(Records contained in a dataset)
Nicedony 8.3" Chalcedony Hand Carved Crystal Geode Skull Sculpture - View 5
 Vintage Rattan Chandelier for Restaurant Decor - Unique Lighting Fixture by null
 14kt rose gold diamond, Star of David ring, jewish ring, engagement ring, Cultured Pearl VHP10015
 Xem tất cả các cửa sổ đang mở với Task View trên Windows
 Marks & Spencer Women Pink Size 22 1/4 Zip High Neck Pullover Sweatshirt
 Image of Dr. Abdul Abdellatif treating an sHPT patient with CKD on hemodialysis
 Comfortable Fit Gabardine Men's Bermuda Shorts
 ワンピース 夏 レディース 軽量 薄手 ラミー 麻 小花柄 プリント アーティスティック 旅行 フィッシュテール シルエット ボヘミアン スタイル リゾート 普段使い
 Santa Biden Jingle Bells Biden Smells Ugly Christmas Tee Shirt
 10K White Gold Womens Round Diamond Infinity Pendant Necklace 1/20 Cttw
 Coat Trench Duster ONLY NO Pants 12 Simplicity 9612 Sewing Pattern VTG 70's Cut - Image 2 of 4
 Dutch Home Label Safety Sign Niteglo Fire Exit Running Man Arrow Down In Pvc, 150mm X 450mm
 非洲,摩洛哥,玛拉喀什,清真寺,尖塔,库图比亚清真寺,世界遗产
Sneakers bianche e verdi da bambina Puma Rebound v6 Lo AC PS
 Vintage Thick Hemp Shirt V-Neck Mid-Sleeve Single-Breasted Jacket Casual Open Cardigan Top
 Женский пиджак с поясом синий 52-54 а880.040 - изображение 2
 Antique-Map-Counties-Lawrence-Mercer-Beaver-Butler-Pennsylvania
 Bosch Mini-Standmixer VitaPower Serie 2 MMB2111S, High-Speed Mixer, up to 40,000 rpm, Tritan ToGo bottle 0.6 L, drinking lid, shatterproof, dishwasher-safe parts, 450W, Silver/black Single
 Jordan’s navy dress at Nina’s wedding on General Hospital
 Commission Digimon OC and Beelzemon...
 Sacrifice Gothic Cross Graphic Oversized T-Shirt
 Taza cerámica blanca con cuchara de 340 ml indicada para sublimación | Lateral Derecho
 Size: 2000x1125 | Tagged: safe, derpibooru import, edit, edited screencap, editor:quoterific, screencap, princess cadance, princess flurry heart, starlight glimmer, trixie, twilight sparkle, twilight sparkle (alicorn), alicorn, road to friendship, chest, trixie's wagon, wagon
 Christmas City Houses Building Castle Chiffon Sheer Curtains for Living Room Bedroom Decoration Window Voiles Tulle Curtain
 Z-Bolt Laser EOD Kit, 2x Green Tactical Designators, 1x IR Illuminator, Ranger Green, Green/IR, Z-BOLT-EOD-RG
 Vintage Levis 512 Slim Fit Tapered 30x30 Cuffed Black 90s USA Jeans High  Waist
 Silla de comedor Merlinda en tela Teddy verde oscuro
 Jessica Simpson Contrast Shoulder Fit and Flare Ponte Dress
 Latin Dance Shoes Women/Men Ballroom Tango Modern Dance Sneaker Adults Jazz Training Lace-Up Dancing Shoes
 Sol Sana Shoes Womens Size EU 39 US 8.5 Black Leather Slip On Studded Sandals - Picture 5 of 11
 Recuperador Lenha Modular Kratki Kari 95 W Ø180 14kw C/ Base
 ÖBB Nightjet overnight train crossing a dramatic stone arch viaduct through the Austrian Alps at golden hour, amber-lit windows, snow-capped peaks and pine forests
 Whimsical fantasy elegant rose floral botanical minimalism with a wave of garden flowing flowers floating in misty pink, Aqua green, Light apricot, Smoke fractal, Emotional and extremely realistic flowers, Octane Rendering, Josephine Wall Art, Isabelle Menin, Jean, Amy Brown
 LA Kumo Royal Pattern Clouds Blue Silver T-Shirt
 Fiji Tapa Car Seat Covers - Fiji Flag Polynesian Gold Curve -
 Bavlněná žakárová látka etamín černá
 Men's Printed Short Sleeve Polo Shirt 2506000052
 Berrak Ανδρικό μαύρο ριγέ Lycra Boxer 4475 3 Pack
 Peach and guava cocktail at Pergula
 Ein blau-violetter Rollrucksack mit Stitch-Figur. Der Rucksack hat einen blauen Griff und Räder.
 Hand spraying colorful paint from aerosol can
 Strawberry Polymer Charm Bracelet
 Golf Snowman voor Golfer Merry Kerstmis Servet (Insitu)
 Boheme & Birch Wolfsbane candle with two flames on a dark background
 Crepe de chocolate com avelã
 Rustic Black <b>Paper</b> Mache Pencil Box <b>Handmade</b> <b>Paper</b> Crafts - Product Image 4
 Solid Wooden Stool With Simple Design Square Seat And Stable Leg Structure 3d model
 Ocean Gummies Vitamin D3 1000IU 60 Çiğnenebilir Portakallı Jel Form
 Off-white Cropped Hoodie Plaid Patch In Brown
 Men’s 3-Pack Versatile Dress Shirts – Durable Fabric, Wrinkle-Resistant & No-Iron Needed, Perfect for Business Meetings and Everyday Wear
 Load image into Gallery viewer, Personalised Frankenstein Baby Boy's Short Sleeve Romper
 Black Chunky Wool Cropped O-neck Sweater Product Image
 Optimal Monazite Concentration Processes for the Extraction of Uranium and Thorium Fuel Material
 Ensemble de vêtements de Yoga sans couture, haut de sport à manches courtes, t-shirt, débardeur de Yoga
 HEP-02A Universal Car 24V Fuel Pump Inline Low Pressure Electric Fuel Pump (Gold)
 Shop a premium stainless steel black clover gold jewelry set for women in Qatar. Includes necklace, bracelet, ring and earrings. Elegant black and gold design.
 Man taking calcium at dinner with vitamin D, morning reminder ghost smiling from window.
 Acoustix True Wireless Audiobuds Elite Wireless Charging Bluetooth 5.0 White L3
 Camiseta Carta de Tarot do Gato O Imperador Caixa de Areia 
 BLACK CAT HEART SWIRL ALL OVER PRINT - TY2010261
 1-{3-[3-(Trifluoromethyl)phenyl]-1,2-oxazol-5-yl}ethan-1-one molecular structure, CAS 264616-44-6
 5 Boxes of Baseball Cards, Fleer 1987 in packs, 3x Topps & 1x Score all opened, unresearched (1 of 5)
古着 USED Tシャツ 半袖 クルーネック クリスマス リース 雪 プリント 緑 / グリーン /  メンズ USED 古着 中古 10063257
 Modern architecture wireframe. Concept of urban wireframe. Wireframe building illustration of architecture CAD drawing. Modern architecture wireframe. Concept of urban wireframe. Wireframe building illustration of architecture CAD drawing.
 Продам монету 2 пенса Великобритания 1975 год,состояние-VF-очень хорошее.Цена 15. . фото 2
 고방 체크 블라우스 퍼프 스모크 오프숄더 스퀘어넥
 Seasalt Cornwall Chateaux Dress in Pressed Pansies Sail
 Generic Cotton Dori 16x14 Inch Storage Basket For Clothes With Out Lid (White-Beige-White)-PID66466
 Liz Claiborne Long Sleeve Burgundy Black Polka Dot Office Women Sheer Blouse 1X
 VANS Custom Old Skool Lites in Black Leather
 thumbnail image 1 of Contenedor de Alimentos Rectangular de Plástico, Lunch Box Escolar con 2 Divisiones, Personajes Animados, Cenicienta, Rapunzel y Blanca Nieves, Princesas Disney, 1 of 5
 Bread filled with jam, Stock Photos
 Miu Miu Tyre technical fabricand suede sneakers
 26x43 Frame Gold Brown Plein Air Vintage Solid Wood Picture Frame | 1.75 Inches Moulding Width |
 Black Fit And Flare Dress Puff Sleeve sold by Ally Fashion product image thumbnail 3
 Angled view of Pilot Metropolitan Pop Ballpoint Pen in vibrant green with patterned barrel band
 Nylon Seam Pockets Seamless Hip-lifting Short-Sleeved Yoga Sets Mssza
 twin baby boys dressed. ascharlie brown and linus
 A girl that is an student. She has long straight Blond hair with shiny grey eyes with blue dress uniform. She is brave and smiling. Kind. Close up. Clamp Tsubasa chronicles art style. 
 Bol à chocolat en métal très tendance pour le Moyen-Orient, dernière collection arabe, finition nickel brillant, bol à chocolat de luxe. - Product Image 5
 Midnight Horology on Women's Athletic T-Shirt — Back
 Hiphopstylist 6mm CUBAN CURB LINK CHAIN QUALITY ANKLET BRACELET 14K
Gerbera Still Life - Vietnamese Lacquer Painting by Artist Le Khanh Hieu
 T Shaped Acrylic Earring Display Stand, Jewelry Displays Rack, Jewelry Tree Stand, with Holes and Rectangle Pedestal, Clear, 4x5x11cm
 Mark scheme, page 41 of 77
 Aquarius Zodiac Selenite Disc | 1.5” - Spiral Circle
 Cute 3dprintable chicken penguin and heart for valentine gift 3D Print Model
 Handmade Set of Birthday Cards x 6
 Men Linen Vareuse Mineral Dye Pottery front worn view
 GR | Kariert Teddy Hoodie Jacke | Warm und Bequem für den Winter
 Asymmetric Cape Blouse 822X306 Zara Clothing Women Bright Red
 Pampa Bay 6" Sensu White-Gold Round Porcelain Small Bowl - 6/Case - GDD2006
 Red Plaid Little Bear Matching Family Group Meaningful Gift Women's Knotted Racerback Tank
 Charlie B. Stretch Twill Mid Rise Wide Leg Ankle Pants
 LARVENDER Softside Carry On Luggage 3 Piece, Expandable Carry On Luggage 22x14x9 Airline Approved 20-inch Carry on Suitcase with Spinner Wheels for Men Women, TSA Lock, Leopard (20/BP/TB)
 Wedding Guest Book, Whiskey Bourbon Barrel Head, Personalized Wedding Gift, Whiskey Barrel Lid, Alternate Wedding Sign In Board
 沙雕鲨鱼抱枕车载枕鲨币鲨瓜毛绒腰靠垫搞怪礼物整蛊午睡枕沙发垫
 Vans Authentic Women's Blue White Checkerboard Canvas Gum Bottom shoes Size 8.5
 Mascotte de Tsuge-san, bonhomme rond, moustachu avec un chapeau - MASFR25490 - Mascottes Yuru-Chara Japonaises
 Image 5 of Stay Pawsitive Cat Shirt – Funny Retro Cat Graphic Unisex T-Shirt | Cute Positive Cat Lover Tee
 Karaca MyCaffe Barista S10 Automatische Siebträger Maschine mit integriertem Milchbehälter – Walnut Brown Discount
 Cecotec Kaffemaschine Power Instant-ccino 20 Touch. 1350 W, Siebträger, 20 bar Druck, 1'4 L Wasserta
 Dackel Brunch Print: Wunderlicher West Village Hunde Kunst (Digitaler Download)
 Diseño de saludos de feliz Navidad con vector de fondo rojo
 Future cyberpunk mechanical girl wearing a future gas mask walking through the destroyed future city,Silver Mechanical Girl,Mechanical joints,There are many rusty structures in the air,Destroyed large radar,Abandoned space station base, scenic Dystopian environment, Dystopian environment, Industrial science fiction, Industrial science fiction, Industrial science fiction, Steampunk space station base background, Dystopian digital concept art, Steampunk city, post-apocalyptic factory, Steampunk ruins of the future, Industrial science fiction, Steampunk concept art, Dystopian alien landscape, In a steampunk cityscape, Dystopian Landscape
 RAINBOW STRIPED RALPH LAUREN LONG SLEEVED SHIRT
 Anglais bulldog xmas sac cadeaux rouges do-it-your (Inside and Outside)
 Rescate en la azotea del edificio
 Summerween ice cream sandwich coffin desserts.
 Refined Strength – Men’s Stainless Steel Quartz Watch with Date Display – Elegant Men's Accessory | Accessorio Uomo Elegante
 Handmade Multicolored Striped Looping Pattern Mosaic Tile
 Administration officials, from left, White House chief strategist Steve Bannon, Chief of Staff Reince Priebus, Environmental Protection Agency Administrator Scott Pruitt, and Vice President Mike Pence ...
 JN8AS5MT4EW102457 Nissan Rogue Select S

- Work required -
Beginning at the line with "T Shaped Acrylic" and ending at the line with "Diseño de saludos", reproduce each line of the data above exactly, and add no other lines.

- Finished exercise -
 T Shaped Acrylic Earring Display Stand, Jewelry Displays Rack, Jewelry Tree Stand, with Holes and Rectangle Pedestal, Clear, 4x5x11cm
 Mark scheme, page 41 of 77
 Aquarius Zodiac Selenite Disc | 1.5” - Spiral Circle
 Cute 3dprintable chicken penguin and heart for valentine gift 3D Print Model
 Handmade Set of Birthday Cards x 6
 Men Linen Vareuse Mineral Dye Pottery front worn view
 GR | Kariert Teddy Hoodie Jacke | Warm und Bequem für den Winter
 Asymmetric Cape Blouse 822X306 Zara Clothing Women Bright Red
 Pampa Bay 6" Sensu White-Gold Round Porcelain Small Bowl - 6/Case - GDD2006
 Red Plaid Little Bear Matching Family Group Meaningful Gift Women's Knotted Racerback Tank
 Charlie B. Stretch Twill Mid Rise Wide Leg Ankle Pants
 LARVENDER Softside Carry On Luggage 3 Piece, Expandable Carry On Luggage 22x14x9 Airline Approved 20-inch Carry on Suitcase with Spinner Wheels for Men Women, TSA Lock, Leopard (20/BP/TB)
 Wedding Guest Book, Whiskey Bourbon Barrel Head, Personalized Wedding Gift, Whiskey Barrel Lid, Alternate Wedding Sign In Board
 沙雕鲨鱼抱枕车载枕鲨币鲨瓜毛绒腰靠垫搞怪礼物整蛊午睡枕沙发垫
 Vans Authentic Women's Blue White Checkerboard Canvas Gum Bottom shoes Size 8.5
 Mascotte de Tsuge-san, bonhomme rond, moustachu avec un chapeau - MASFR25490 - Mascottes Yuru-Chara Japonaises
 Image 5 of Stay Pawsitive Cat Shirt – Funny Retro Cat Graphic Unisex T-Shirt | Cute Positive Cat Lover Tee
 Karaca MyCaffe Barista S10 Automatische Siebträger Maschine mit integriertem Milchbehälter – Walnut Brown Discount
 Cecotec Kaffemaschine Power Instant-ccino 20 Touch. 1350 W, Siebträger, 20 bar Druck, 1'4 L Wasserta
 Dackel Brunch Print: Wunderlicher West Village Hunde Kunst (Digitaler Download)
 Diseño de saludos de feliz Navidad con vector de fondo rojo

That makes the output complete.